Try it »
Only the count is wanted here: how many lines of the entries hold the string "chatting"?

Excerpts from a dataset »
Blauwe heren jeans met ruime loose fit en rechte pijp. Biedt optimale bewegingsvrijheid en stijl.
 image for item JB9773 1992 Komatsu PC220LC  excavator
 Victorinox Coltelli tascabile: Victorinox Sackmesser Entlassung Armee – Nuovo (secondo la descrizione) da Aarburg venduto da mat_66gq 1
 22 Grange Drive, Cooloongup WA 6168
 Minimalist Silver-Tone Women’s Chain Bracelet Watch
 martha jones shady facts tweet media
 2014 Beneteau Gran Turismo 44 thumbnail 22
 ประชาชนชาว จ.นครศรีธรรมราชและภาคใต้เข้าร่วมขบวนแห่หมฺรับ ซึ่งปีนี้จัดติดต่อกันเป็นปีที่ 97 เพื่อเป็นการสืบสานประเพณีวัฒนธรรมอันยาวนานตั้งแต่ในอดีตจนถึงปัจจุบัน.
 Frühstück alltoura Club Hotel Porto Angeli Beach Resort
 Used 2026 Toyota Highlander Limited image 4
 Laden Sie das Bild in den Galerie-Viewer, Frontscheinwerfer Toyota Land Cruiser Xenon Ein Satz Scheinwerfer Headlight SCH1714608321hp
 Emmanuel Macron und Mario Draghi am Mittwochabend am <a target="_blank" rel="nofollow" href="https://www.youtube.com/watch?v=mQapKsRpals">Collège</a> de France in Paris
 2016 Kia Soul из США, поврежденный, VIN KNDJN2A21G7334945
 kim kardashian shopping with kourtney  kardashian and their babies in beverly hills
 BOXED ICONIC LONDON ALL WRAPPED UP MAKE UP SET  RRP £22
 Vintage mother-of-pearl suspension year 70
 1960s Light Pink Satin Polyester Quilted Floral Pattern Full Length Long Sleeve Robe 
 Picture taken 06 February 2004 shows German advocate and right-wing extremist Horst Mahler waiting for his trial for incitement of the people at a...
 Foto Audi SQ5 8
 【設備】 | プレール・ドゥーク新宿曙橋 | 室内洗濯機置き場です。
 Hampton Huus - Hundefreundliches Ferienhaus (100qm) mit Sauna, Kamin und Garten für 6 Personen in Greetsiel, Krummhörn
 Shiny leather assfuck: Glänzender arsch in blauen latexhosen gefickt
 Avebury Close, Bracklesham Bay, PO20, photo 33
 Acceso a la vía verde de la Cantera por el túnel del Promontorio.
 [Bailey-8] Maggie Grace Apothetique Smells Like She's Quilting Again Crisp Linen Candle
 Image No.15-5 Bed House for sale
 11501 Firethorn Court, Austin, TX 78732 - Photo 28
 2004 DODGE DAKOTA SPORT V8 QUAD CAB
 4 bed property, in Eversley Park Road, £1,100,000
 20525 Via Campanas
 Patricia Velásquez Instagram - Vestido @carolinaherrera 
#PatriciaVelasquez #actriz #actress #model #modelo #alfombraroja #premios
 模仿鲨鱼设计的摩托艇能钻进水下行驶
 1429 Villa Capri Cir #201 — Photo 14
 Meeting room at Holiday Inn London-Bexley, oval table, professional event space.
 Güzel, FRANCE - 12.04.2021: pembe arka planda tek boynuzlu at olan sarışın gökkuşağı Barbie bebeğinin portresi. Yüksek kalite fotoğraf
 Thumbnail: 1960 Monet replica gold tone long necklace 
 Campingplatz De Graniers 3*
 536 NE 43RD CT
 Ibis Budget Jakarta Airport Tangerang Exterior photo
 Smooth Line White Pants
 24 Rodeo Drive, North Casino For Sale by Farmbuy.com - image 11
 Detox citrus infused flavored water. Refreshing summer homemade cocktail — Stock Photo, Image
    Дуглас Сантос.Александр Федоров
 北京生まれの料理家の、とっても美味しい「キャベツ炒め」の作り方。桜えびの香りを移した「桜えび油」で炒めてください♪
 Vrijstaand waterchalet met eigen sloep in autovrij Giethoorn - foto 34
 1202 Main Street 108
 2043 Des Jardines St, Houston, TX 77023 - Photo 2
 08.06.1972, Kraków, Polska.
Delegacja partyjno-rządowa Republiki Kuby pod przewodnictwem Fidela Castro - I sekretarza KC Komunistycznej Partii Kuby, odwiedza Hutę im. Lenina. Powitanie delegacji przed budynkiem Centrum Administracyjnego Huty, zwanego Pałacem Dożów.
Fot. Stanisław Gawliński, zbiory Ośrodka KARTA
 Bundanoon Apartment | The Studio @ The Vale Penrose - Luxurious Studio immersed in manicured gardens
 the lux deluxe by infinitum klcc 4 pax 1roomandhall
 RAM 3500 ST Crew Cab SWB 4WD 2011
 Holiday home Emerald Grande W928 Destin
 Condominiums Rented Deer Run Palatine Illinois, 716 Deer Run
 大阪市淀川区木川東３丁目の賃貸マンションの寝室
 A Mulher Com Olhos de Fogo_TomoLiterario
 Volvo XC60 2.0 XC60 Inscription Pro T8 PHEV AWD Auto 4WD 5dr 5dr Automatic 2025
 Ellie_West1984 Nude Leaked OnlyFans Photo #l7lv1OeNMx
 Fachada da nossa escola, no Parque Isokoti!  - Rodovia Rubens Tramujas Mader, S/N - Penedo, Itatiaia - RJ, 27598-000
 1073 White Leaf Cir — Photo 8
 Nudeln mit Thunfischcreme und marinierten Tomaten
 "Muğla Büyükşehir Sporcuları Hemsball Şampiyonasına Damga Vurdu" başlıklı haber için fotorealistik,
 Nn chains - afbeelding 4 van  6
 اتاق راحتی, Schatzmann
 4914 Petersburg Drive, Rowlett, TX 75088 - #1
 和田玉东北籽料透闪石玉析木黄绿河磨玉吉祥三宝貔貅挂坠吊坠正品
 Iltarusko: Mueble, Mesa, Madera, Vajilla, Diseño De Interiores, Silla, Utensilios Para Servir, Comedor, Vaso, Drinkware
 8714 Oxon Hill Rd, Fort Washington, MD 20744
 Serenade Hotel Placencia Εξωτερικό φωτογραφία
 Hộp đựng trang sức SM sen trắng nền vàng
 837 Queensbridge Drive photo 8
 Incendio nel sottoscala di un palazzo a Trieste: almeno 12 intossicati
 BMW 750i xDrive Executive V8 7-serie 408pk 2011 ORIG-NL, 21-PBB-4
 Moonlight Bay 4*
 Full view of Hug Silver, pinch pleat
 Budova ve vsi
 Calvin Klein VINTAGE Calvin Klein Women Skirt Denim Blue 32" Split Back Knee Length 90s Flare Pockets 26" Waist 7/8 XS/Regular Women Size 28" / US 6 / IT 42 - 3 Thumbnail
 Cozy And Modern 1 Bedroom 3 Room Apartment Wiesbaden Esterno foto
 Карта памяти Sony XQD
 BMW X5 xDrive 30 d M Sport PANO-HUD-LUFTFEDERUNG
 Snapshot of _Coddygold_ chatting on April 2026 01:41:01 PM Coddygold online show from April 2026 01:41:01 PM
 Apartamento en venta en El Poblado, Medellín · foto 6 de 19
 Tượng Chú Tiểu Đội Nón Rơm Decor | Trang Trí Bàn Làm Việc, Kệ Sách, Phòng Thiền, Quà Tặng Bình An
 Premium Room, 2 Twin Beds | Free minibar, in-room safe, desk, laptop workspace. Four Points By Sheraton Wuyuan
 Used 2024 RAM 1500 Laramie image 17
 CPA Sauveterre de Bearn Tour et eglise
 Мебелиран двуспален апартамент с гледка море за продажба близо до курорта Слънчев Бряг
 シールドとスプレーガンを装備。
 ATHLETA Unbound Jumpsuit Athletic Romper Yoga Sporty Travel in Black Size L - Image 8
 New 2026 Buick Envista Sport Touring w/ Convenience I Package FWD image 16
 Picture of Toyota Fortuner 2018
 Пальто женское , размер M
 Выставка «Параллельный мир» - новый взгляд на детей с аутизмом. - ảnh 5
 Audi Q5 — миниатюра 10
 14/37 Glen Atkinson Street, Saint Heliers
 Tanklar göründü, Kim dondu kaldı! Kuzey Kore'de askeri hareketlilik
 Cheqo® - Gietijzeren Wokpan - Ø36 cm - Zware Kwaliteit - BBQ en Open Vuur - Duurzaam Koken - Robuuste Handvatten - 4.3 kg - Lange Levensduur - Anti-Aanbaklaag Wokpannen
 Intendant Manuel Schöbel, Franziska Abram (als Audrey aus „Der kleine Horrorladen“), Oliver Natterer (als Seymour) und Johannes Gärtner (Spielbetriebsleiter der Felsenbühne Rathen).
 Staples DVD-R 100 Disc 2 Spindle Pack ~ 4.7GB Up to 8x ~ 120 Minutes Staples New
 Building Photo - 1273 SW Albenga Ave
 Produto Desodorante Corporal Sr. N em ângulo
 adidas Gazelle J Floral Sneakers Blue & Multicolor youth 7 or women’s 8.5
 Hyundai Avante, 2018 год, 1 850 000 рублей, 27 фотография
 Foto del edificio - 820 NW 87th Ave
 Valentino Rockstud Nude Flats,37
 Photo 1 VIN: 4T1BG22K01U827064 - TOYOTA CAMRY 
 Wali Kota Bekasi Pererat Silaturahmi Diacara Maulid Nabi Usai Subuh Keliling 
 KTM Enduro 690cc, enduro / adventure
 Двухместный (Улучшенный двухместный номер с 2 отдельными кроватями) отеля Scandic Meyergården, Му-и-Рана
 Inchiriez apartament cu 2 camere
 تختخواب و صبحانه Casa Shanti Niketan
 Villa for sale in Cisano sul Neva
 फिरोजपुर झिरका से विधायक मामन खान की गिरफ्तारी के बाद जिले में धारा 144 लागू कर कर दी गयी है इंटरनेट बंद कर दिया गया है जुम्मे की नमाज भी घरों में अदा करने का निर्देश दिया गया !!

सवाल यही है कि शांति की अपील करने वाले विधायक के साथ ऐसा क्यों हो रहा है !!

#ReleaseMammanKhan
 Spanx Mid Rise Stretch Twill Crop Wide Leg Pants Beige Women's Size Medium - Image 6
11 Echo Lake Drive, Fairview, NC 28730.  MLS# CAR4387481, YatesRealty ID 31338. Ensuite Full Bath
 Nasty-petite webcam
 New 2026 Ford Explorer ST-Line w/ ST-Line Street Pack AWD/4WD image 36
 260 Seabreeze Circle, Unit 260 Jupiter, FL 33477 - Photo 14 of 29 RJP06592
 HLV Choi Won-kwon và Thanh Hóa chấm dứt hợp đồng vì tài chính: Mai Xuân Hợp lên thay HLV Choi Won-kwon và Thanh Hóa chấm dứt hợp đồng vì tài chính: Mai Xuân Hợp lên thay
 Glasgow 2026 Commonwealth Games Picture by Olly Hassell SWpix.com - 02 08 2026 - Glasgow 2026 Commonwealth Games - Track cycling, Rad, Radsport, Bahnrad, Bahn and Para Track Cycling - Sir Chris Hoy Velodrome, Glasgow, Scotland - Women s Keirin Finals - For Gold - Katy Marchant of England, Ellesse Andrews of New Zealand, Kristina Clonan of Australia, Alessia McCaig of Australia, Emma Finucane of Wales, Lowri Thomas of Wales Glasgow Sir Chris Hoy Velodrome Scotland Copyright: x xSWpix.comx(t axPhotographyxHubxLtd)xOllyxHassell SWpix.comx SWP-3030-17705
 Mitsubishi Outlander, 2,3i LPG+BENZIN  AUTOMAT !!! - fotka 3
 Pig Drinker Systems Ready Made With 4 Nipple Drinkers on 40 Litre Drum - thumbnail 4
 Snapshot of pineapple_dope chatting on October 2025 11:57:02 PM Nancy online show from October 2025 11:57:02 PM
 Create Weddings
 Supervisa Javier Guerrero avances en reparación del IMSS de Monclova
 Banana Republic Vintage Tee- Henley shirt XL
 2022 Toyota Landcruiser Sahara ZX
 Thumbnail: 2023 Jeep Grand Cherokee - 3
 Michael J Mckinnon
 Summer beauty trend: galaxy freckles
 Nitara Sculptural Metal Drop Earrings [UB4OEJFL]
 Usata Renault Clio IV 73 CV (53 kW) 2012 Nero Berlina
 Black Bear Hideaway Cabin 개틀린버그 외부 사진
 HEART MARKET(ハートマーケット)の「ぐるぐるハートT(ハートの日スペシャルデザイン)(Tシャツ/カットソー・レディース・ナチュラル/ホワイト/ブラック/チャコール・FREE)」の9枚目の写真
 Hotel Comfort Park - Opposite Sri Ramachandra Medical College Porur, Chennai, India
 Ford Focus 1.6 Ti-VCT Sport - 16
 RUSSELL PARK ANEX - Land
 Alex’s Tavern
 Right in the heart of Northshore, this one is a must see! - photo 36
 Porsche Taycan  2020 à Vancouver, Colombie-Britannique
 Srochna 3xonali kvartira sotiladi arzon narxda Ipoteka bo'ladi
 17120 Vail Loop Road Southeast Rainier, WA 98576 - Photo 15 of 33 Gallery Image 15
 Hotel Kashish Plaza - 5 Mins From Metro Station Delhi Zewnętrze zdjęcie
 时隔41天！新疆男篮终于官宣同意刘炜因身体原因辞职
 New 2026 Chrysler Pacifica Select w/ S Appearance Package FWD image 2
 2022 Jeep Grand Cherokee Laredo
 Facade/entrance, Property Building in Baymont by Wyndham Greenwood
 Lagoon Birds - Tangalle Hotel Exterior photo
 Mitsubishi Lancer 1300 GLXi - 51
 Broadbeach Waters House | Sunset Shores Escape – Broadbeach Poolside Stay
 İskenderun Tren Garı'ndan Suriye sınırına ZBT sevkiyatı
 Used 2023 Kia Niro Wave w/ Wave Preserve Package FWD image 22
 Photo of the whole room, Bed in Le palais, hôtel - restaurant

Solution »
2